======== RECORDS FOR THIS EXERCISE ========
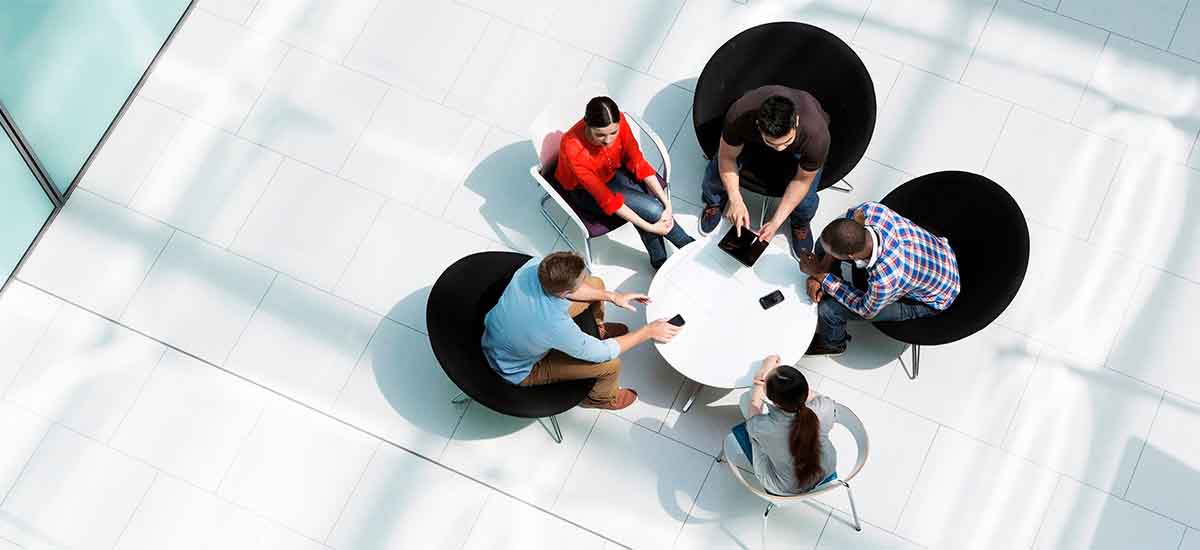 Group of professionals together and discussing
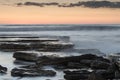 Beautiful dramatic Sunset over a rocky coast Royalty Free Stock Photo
========
======== RECORDS FOR THIS EXERCISE ========
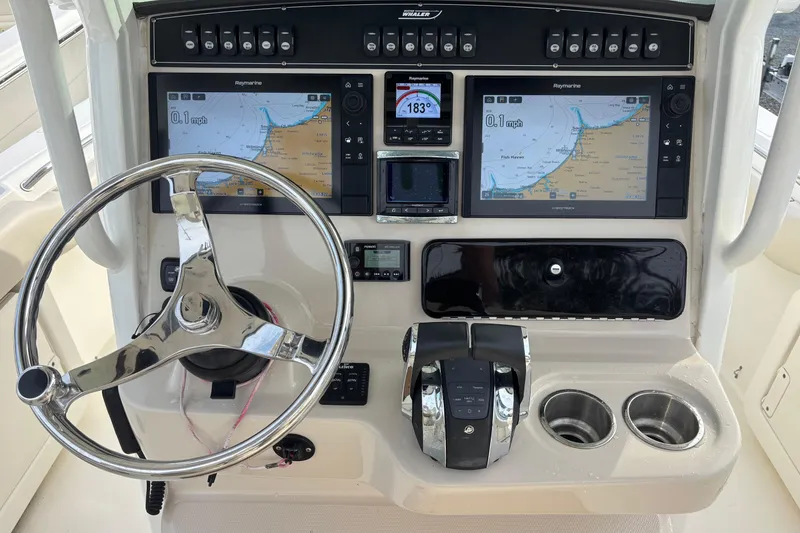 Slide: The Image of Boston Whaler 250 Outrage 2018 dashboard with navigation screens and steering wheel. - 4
========
Within the material above, only the stretch from the line holding "Group of professionals" through the line holding "Beautiful dramatic Sunset" is to be restated exactly. Pictures are dropped.

EXPECTED ANSWER »
 Group of professionals together and discussing
 Beautiful dramatic Sunset over a rocky coast Royalty Free Stock Photo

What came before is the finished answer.